**Work item:** Each entry should be duplicated exactly, with no line missing.

Short web captions:
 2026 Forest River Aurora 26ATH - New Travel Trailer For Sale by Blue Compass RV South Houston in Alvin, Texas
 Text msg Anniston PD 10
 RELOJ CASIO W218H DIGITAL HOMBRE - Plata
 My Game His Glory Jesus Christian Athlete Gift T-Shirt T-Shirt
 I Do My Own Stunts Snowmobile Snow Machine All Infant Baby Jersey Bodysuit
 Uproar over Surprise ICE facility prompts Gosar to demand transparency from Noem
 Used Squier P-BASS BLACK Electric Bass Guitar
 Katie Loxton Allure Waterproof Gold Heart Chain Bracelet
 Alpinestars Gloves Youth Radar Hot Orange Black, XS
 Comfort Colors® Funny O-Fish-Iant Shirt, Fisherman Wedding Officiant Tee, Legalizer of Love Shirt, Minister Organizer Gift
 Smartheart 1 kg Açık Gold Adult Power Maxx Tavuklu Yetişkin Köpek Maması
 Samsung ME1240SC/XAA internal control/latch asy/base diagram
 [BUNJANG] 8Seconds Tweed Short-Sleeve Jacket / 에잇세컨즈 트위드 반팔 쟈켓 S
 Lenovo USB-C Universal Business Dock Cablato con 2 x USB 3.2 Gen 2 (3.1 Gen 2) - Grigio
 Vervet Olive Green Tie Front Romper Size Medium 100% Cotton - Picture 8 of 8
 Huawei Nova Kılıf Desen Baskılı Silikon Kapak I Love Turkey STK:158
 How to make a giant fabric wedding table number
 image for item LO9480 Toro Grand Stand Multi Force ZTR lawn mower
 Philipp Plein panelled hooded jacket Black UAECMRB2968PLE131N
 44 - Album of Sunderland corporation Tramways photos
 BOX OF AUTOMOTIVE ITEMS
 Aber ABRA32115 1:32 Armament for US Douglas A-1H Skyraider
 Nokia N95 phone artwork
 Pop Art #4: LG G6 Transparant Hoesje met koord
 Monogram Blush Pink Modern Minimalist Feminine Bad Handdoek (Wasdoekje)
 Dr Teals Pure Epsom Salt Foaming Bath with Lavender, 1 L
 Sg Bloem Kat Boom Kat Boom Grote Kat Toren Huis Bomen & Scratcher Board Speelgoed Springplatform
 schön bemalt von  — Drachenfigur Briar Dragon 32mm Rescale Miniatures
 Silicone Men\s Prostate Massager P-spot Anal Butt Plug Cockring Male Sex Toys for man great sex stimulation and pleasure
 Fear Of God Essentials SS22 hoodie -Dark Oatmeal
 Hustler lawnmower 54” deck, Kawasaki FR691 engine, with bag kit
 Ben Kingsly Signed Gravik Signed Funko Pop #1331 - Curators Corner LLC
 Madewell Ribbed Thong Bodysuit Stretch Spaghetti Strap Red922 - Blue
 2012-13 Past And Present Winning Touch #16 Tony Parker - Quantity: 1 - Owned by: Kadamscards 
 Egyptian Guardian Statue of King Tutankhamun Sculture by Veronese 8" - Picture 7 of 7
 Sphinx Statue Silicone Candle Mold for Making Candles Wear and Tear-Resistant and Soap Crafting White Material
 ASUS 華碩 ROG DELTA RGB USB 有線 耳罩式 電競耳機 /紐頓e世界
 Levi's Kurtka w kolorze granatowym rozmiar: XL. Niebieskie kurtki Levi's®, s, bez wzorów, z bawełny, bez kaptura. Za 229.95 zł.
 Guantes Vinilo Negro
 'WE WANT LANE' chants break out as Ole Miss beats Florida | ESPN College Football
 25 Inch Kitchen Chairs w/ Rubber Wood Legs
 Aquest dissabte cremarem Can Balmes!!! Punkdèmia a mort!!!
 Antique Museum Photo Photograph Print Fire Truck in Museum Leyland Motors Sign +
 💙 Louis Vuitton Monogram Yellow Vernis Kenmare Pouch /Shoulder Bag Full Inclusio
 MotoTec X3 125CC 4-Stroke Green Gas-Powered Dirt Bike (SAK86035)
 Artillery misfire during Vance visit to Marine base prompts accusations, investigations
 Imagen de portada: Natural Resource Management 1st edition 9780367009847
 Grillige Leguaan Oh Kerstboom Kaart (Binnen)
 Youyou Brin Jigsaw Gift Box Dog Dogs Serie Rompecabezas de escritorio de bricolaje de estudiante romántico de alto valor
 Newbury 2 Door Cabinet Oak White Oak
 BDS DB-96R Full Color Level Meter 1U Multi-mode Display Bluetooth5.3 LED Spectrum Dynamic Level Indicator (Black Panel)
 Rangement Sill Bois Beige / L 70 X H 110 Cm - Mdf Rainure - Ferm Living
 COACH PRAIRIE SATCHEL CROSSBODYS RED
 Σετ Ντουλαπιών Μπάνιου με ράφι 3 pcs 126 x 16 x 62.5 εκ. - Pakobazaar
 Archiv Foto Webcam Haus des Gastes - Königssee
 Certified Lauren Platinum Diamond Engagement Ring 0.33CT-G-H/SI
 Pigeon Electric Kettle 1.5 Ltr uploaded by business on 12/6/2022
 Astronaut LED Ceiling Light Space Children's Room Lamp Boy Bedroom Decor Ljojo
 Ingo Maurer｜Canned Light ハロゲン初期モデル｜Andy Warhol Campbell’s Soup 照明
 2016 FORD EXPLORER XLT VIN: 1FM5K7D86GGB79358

**Answer section:**
 2026 Forest River Aurora 26ATH - New Travel Trailer For Sale by Blue Compass RV South Houston in Alvin, Texas
 Text msg Anniston PD 10
 RELOJ CASIO W218H DIGITAL HOMBRE - Plata
 My Game His Glory Jesus Christian Athlete Gift T-Shirt T-Shirt
 I Do My Own Stunts Snowmobile Snow Machine All Infant Baby Jersey Bodysuit
 Uproar over Surprise ICE facility prompts Gosar to demand transparency from Noem
 Used Squier P-BASS BLACK Electric Bass Guitar
 Katie Loxton Allure Waterproof Gold Heart Chain Bracelet
 Alpinestars Gloves Youth Radar Hot Orange Black, XS
 Comfort Colors® Funny O-Fish-Iant Shirt, Fisherman Wedding Officiant Tee, Legalizer of Love Shirt, Minister Organizer Gift
 Smartheart 1 kg Açık Gold Adult Power Maxx Tavuklu Yetişkin Köpek Maması
 Samsung ME1240SC/XAA internal control/latch asy/base diagram
 [BUNJANG] 8Seconds Tweed Short-Sleeve Jacket / 에잇세컨즈 트위드 반팔 쟈켓 S
 Lenovo USB-C Universal Business Dock Cablato con 2 x USB 3.2 Gen 2 (3.1 Gen 2) - Grigio
 Vervet Olive Green Tie Front Romper Size Medium 100% Cotton - Picture 8 of 8
 Huawei Nova Kılıf Desen Baskılı Silikon Kapak I Love Turkey STK:158
 How to make a giant fabric wedding table number
 image for item LO9480 Toro Grand Stand Multi Force ZTR lawn mower
 Philipp Plein panelled hooded jacket Black UAECMRB2968PLE131N
 44 - Album of Sunderland corporation Tramways photos
 BOX OF AUTOMOTIVE ITEMS
 Aber ABRA32115 1:32 Armament for US Douglas A-1H Skyraider
 Nokia N95 phone artwork
 Pop Art #4: LG G6 Transparant Hoesje met koord
 Monogram Blush Pink Modern Minimalist Feminine Bad Handdoek (Wasdoekje)
 Dr Teals Pure Epsom Salt Foaming Bath with Lavender, 1 L
 Sg Bloem Kat Boom Kat Boom Grote Kat Toren Huis Bomen & Scratcher Board Speelgoed Springplatform
 schön bemalt von  — Drachenfigur Briar Dragon 32mm Rescale Miniatures
 Silicone Men\s Prostate Massager P-spot Anal Butt Plug Cockring Male Sex Toys for man great sex stimulation and pleasure
 Fear Of God Essentials SS22 hoodie -Dark Oatmeal
 Hustler lawnmower 54” deck, Kawasaki FR691 engine, with bag kit
 Ben Kingsly Signed Gravik Signed Funko Pop #1331 - Curators Corner LLC
 Madewell Ribbed Thong Bodysuit Stretch Spaghetti Strap Red922 - Blue
 2012-13 Past And Present Winning Touch #16 Tony Parker - Quantity: 1 - Owned by: Kadamscards 
 Egyptian Guardian Statue of King Tutankhamun Sculture by Veronese 8" - Picture 7 of 7
 Sphinx Statue Silicone Candle Mold for Making Candles Wear and Tear-Resistant and Soap Crafting White Material
 ASUS 華碩 ROG DELTA RGB USB 有線 耳罩式 電競耳機 /紐頓e世界
 Levi's Kurtka w kolorze granatowym rozmiar: XL. Niebieskie kurtki Levi's®, s, bez wzorów, z bawełny, bez kaptura. Za 229.95 zł.
 Guantes Vinilo Negro
 'WE WANT LANE' chants break out as Ole Miss beats Florida | ESPN College Football
 25 Inch Kitchen Chairs w/ Rubber Wood Legs
 Aquest dissabte cremarem Can Balmes!!! Punkdèmia a mort!!!
 Antique Museum Photo Photograph Print Fire Truck in Museum Leyland Motors Sign +
 💙 Louis Vuitton Monogram Yellow Vernis Kenmare Pouch /Shoulder Bag Full Inclusio
 MotoTec X3 125CC 4-Stroke Green Gas-Powered Dirt Bike (SAK86035)
 Artillery misfire during Vance visit to Marine base prompts accusations, investigations
 Imagen de portada: Natural Resource Management 1st edition 9780367009847
 Grillige Leguaan Oh Kerstboom Kaart (Binnen)
 Youyou Brin Jigsaw Gift Box Dog Dogs Serie Rompecabezas de escritorio de bricolaje de estudiante romántico de alto valor
 Newbury 2 Door Cabinet Oak White Oak
 BDS DB-96R Full Color Level Meter 1U Multi-mode Display Bluetooth5.3 LED Spectrum Dynamic Level Indicator (Black Panel)
 Rangement Sill Bois Beige / L 70 X H 110 Cm - Mdf Rainure - Ferm Living
 COACH PRAIRIE SATCHEL CROSSBODYS RED
 Σετ Ντουλαπιών Μπάνιου με ράφι 3 pcs 126 x 16 x 62.5 εκ. - Pakobazaar
 Archiv Foto Webcam Haus des Gastes - Königssee
 Certified Lauren Platinum Diamond Engagement Ring 0.33CT-G-H/SI
 Pigeon Electric Kettle 1.5 Ltr uploaded by business on 12/6/2022
 Astronaut LED Ceiling Light Space Children's Room Lamp Boy Bedroom Decor Ljojo
 Ingo Maurer｜Canned Light ハロゲン初期モデル｜Andy Warhol Campbell’s Soup 照明
 2016 FORD EXPLORER XLT VIN: 1FM5K7D86GGB79358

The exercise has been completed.